Let $f$ be a vector valued function and $W$ a matrix. We denote the rows of the matrix by $w_j$. Suppose that $\sum_{j=1}^h \lVert w_j\rVert^2\leq R^2$. Show that the sum
$$\sum_{j=1}^h \lVert w_j\rVert^2\left(\sum_{i=1}^m \epsilon_i\sigma\left(\frac{w_j^T}{\lVert w_j\rVert}f(x_i)\right)\right)^2$$
achieves its supremum only if $\lVert w_j\rVert=R$ for some $j$ and $\lVert w_i\rVert=0$ for all $i\neq j$. Now I tried Lagrange multipliers but wasn't able to get the desired result. Is there a cleaner way to show this.
EDIT: $\sigma$ is the ReLu function and $\epsilon_i\in \{-1,1\}$ fixed. And $x_i$ are just fixed values.

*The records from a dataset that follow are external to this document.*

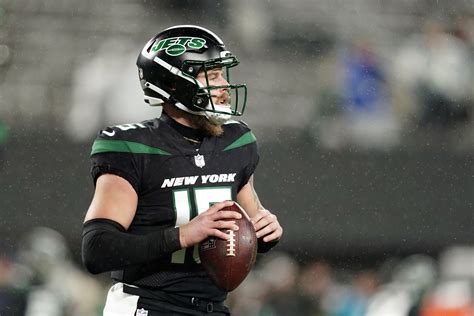 Everything you need to know about New York Jets QB Chris Streveler ...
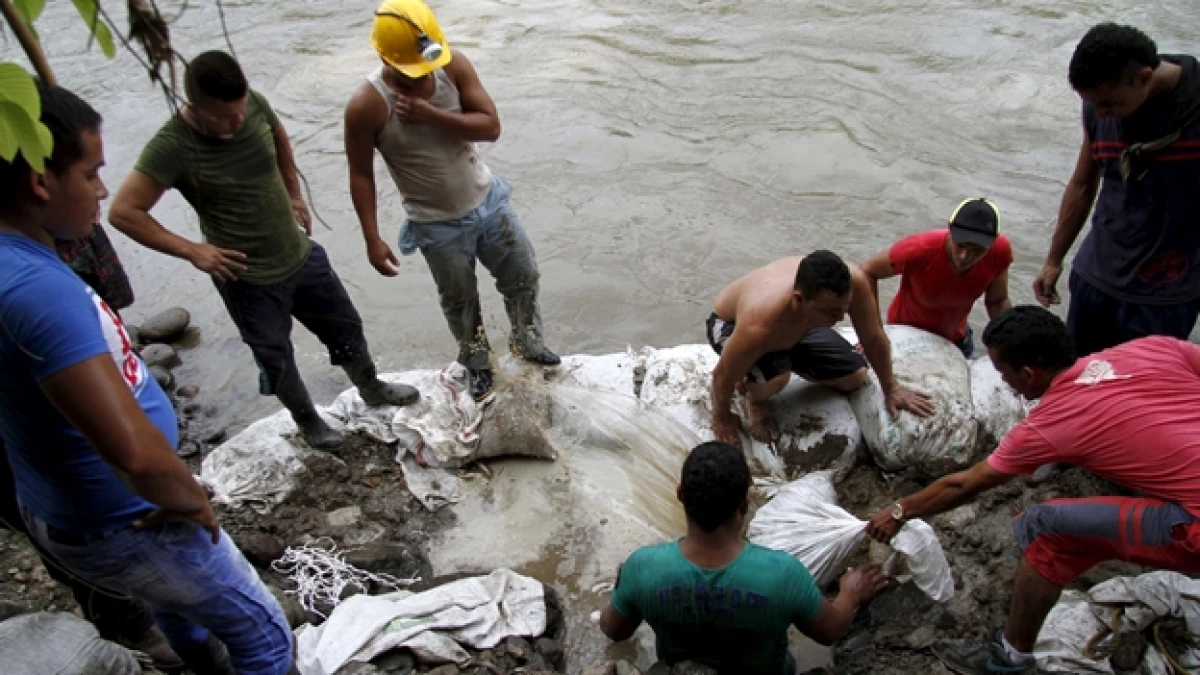 mineros Colombia atrapados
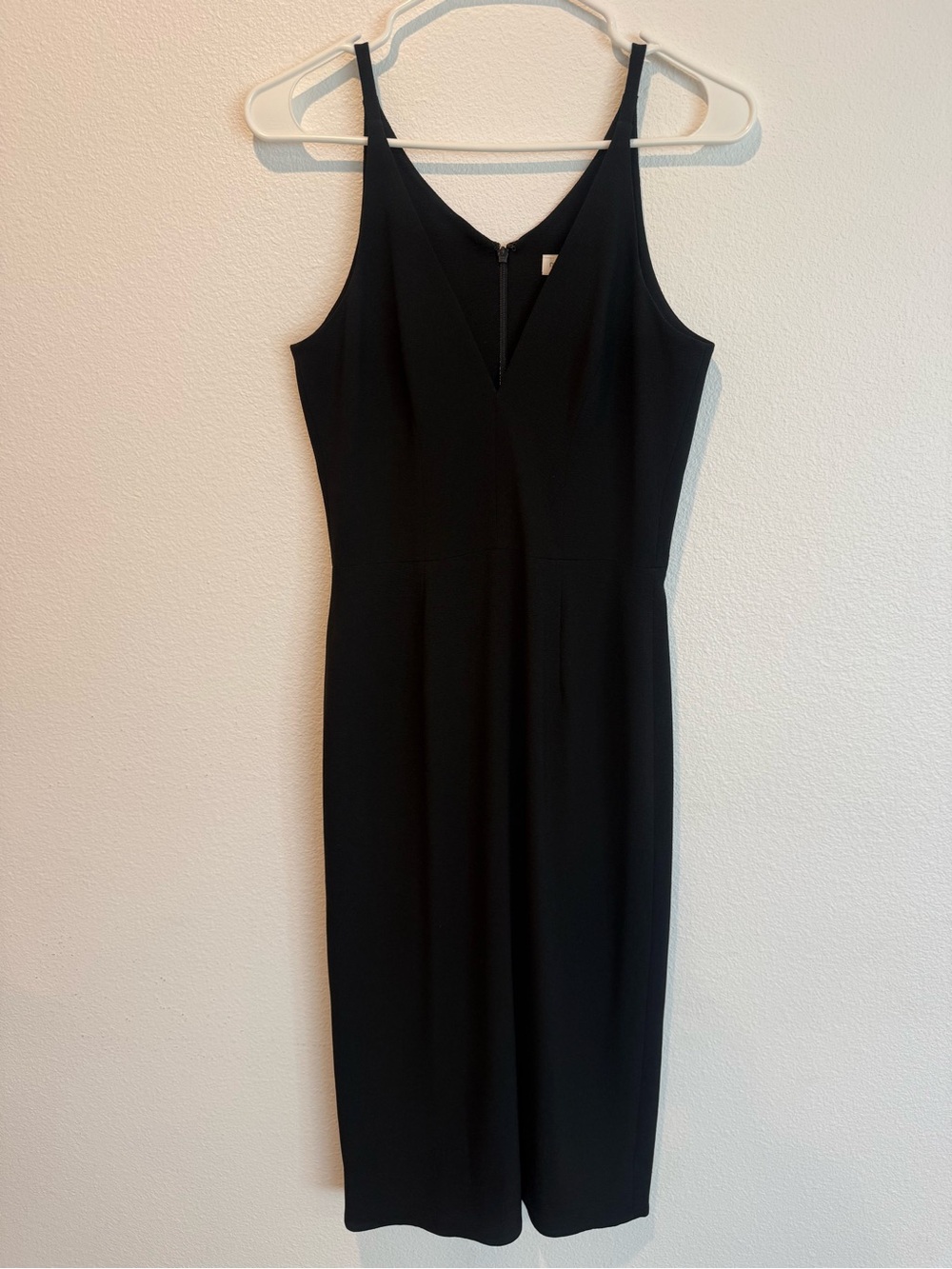Dress the Population Black V-Neck Midi Dress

Note that to maximize the sum $$\sum_{j=1}^h \lVert w_j\rVert^2\left(\sum_{i=1}^m \epsilon_i\sigma\left(\frac{w_j^T}{\lVert w_j\rVert}f(x_i)\right)\right)^2$$
we need to maximize each of the individual sums $\left(\sum_{i=1}^m \epsilon_i\sigma\left(\frac{w_j^T}{\lVert w_j\rVert}f(x_i)\right)\right)^2$ first. Since $\frac{w_j^T}{||w_j||}f(x_i)$ is a function over the unit sphere, which is compact, it attains a maximum at some $\tilde w_j$. Notice that this maximum is invariant under any positive scaling of $\tilde{w}_j$. Let $M=\max_j\left(\sum_{i=1}^m \epsilon_i\sigma\left(\frac{\tilde{w}_j^T}{\lVert \tilde{w}_j\rVert}f(x_i)\right)\right)^2$ then we have
$$\sum_{j=1}^h \lVert \tilde{w}_j\rVert^2\left(\sum_{i=1}^m \epsilon_i\sigma\left(\frac{\tilde{w}_j^T}{\lVert \tilde{w}_j\rVert}f(x_i)\right)\right)^2\leq \sum_{j=1}^h ||\tilde w_j|^2 M\leq R^2M$$
Note that there exists a $k$ such that $M=\left(\sum_{i=1}^m \epsilon_i\sigma\left(\frac{\tilde{w}_k^T}{\lVert \tilde{w}_k\rVert}f(x_i)\right)\right)^2$. Thus, if $||\tilde{w}_k||^2=R^2$ then our inequality become an equality. Therefore we have maximized the sum.